Tailored minimal reservoir computing: on the bidirectional connection between nonlinearities in the reservoir and in data
Davide Prosperino, Haochun Ma, Christoph Räth
TL;DR
This work investigates how to tailor reservoir computer nonlinearity to the intrinsic nonlinearity of data, using a minimal, deterministic RC framework with a tunable nonlinearity parameter. By introducing a fractional Halvorsen data generator and performing extensive minRC sweeps, the authors show that short-term predictions are maximized when the reservoir nonlinearity matches the data’s nonlinearity, and that the smallest data nonlinearity often dominates when multiple nonlinearities are present. They also demonstrate a practical method to estimate the minimal nonlinearity in unknown time series via nonlinearity sweeps and FT surrogate controls, validated on synthetic systems and financial data. Finally, the concept is transferred to classical RC by augmenting reservoir states with fractional nonlinearities, yielding improvements in hardware-limited scenarios where increasing reservoir size is impractical. Together, these results offer a principled route to design RCs that reflect the data’s complexity and to enhance RC performance with fractional nonlinear features in real-world, resource-constrained settings.
Abstract
We study how the degree of nonlinearity in the input data affects the optimal design of reservoir computers, focusing on how closely the model's nonlinearity should align with that of the data. By reducing minimal RCs to a single tunable nonlinearity parameter, we explore how the predictive performance varies with the degree of nonlinearity in the reservoir. To provide controlled testbeds, we generalize to the fractional Halvorsen system, a novel chaotic system with fractional exponents.
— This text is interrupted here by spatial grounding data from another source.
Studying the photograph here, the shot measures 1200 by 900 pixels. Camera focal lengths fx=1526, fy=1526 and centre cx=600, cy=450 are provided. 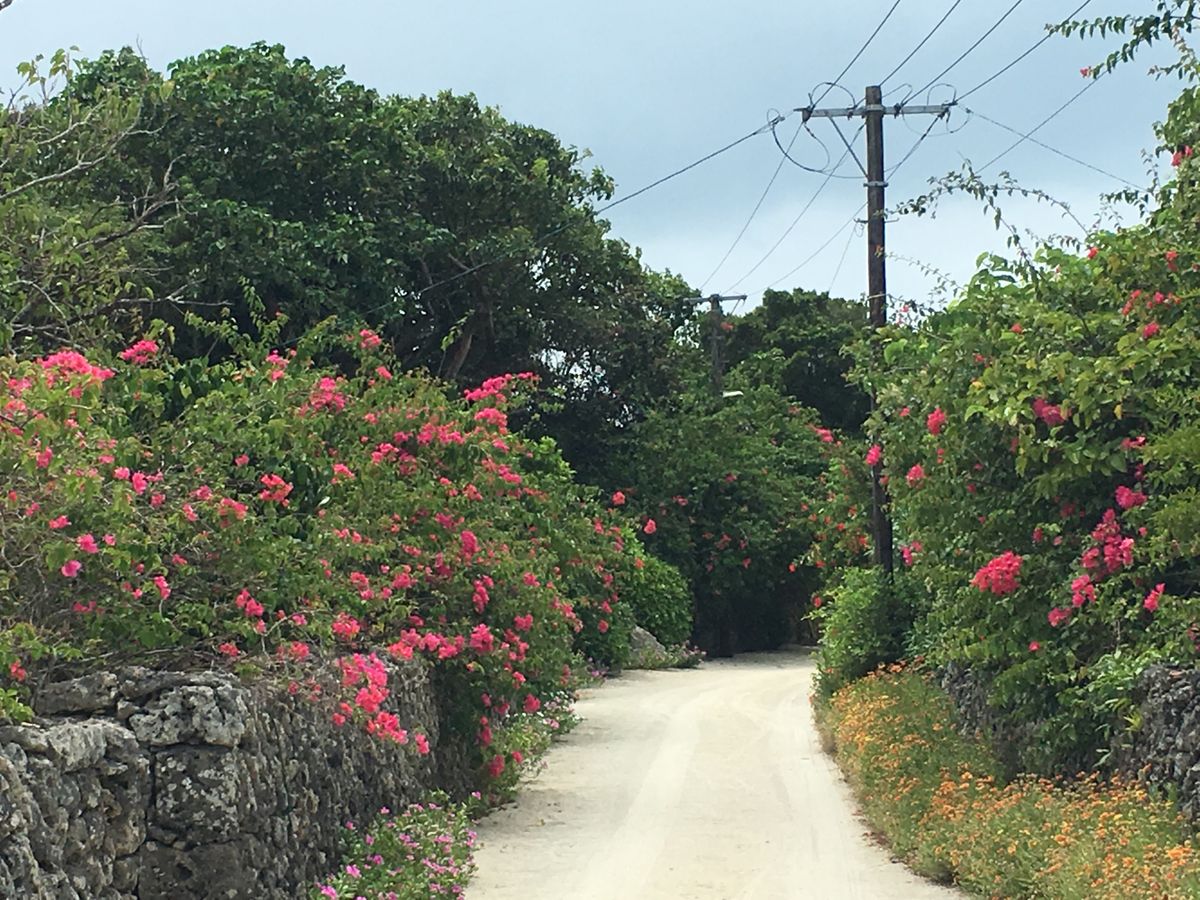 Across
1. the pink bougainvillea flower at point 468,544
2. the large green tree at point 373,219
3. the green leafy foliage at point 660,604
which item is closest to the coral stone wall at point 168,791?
the pink bougainvillea flower at point 468,544

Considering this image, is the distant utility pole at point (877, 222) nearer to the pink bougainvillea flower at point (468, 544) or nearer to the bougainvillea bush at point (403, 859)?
the pink bougainvillea flower at point (468, 544)

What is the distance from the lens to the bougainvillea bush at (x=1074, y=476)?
1041 centimetres

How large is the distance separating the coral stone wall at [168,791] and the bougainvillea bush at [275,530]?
263mm

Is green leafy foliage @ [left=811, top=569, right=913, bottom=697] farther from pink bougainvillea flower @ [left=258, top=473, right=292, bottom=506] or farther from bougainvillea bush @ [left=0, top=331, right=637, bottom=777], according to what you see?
pink bougainvillea flower @ [left=258, top=473, right=292, bottom=506]

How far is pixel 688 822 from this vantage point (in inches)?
495

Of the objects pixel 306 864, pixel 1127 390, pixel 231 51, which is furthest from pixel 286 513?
pixel 231 51

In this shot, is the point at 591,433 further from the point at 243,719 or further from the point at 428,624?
the point at 243,719

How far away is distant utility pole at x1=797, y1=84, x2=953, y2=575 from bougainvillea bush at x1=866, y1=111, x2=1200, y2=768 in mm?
6170

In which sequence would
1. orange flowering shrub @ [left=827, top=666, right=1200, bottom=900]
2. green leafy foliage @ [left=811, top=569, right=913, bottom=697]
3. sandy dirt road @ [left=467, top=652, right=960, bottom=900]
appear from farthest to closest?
green leafy foliage @ [left=811, top=569, right=913, bottom=697] < sandy dirt road @ [left=467, top=652, right=960, bottom=900] < orange flowering shrub @ [left=827, top=666, right=1200, bottom=900]

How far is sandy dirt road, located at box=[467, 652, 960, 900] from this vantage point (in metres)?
10.1

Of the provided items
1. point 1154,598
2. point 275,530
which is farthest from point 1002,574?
point 275,530

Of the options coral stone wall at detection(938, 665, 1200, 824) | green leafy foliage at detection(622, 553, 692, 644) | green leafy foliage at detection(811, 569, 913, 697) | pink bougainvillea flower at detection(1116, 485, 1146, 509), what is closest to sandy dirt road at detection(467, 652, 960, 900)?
green leafy foliage at detection(811, 569, 913, 697)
Our experiments reveal that the prediction performance is maximized when the reservoir's nonlinearity matches the nonlinearity present in the data. In cases where multiple nonlinearities are present in the data, we find that the correlation dimension of the predicted signal is reconstructed correctly when the smallest nonlinearity is matched. We use this observation to propose a method for estimating the minimal nonlinearity in unknown time series by sweeping the reservoir exponent and identifying the transition to a successful reconstruction. Applying this method to both synthetic and real-world datasets, including financial time series, we demonstrate its practical viability. Finally, we transfer these insights to classical RC by augmenting traditional architectures with fractional, generalized reservoir states. This yields performance gains, particularly in resource-constrained scenarios such as physical reservoirs, where increasing reservoir size is impractical or economically unviable. Our work provides a principled route toward tailoring RCs to the intrinsic complexity of the systems they aim to model.